Jeff Goldstein, Warner Bros.’ executive vice president of theatrical distribution, said “Jack the Giant Slayer” opened lower than the studio had hoped, but he’s encouraged by its CinemaScore, which was a B-plus overall and an A among viewers under 18.
Rove: GOP needs more diversity
SACRAMENTO, Calif. (AP) — GOP strategist Karl Rove said Saturday that rebuilding the Republican brand in California will be a tough task that will require them to diversify and create a strategy to spread their message to a wider audience.
Referring to the state party’s deep losses in recent years, Rove said it needs to focus on larger themes of restoring jobs and reducing government spending.
He also said the party must recruit candidates who reflect the diversity of the country, and in particular, California. By next year, Hispanics will overtake whites as the state’s largest demographic group.
“We need to be asking for votes in the most powerful way possible, which is to have people asking for the vote who are comfortable and look like and sound like the people that we’re asking for the vote from,” Rove said.

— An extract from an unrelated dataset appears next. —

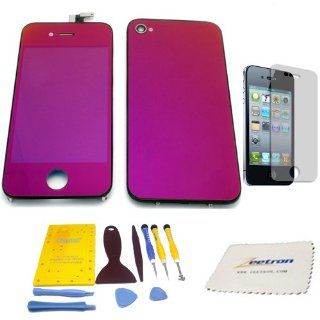 Zeetron Shiny Purple iPhone 4 Colorswap Color Conversion DIY Kit (Includes a Glass Screen Lcd Aseembly + Home Button + Back Door Assembly + Full Tool Kit & Screw Mat + Screen Protector + Zeetron Microfiber Cloth) AT&T ONLY (Do It Yourself Kit): Cel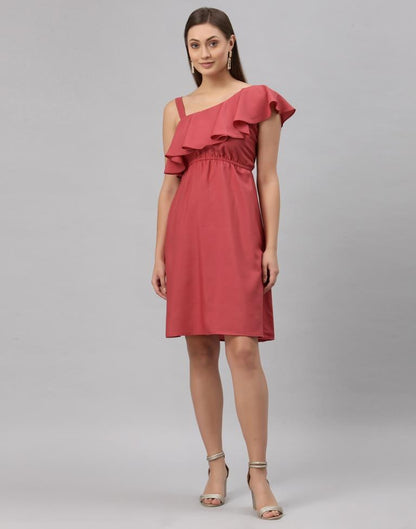 Pink Coloured Crepe Solid Dress | Leemboodi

His message to delegates, activists and local party officials throughout California was in line with the philosophy behind his new political action committee, the Conservative Victory Project. The committee was established to support Republican candidates it deems electable, offsetting GOP candidates who might offend key parts of the electorate.
Rove told activists at the Republican Party’s spring convention in Sacramento that rebuilding would be “a big task,” but noted Texas as an example. Once a Democratic stronghold, the state elected Republicans to 95 of 150 state House seats in November. Democrats have not won a statewide office in Texas since 1994.
‘Miracles’ founder Rogers, 73, dies
SOUTHFIELD, Mich. (AP) — Bobby Rogers, a founding member of Motown group The Miracles and a collaborator with Smokey Robinson, has died. He was 73.
Motown Museum board member Allen Rawls says Rogers died Sunday morning at his home.
Rogers had been ill for several years. He lived in the Detroit suburb of Southfield.
Rogers formed the group in 1956 with cousin Claudette Rogers, Pete Moore, Ronnie White and Robinson. Their hits included “I Second That Emotion” and “The Tears of a Clown.” Rogers and The Miracles were inducted into the Rock and Roll Hall of Fame in 2012.
He shared songwriting credits with Robinson on The Temptations’ “The Way You Do the Things You Do,” The Contours’ “First I Look at the Purse” and The Miracles’ “Going to a Go-Go.”